Temmuz ayının başında Mısır'ın demokratik yollarla seçilen ilk cumhurbaşkanı Muhammed Mursi'nin askeri darbeyle devrilmesi ve başta ABD olmak üzere uluslararası toplumdan önemli bir tepki gelmemesi Erdoğan hükümetinin Batı'ya ilişkin tepkilerinin keskinleşmesine yol açtı.
Ancak Türk-Amerikan ilişkilerinde daha uzun vadeli etkileri olacak gelişme, Suriye bunalımı kapsamında 2013 ortasında yaşandı. Obama yönetiminin "kırmızı çizgi" olarak tanımlamasına karşın Esad yönetiminin kimyasal silah kullandığı iddialarına askeri bir yanıt vermemesi, Ankara'da büyük bir hayal kırıklığı yarattı.
Obama'nın attığı geri adım, Ankara'yı Esad rejiminin devrilmesi planında yalnız bırakırken aslında uluslararası toplumun Şam'dan çok ülkenin doğusunda gelişen "İslami radikal terör örgütlerine" yoğunlaşmaya başladıklarını göstermesi açısından da önemliydi.
2015'teki YPG bunalımı
Adına "İslam Devleti" diyerek Suriye'nin doğusunda ve Irak'ın batısında halifelik ilan eden Irak-Şam İslam Devleti (IŞİD) ile mücadele için 2014 sonunda ABD liderliğinde kurulan koalisyon gücüne Türkiye de katılmış ancak Ankara bu güce aktif destek vermemişti.

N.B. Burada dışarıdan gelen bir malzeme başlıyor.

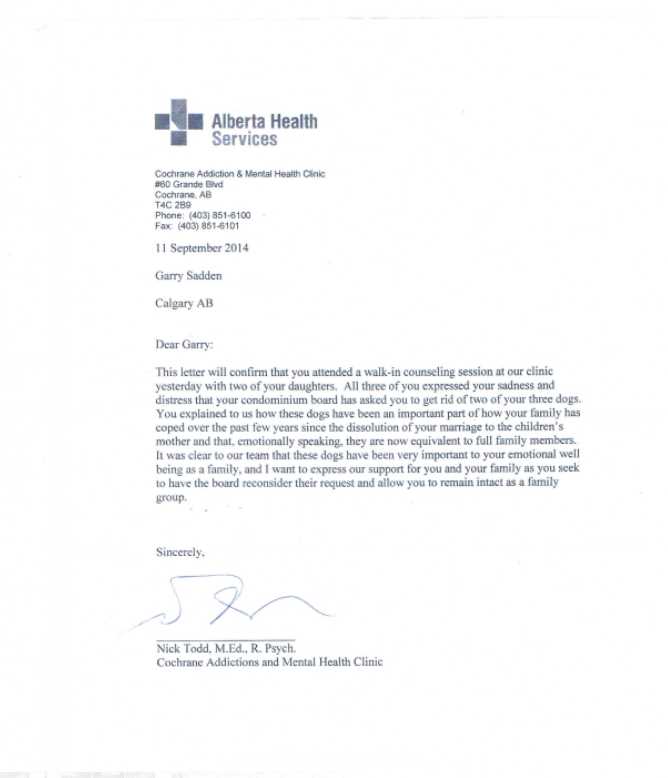 service dog letter template from doctor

2015 boyunca yürütülen müzakereler sonunda İncirlik ve Diyarbakır üslerini koalisyona açan Türkiye, hava operasyonlarına da katılmaya başladı. Buna karşın, Türkiye-Suriye sınırının bir bölümünü kontrol eden IŞİD'e karşı ortak operasyon yapılması ve bu bölgede bir güvenli bölge kurulması konusundaki istemlerine olumlu yanıt alamadı.
ABD, IŞİD ile mücadele konusunda da Türkiye'nin tüm itirazlarına karşın YPG ile yola devam etme kararı aldı. Ankara'nın "terör örgütü" olarak tanımladığı bu gruba askeri ekipman ve destek sağlamaya başlayan ABD, NATO üyesi Türkiye ile uzun dönem devam edecek bir gerginlik kapısını da açıyordu.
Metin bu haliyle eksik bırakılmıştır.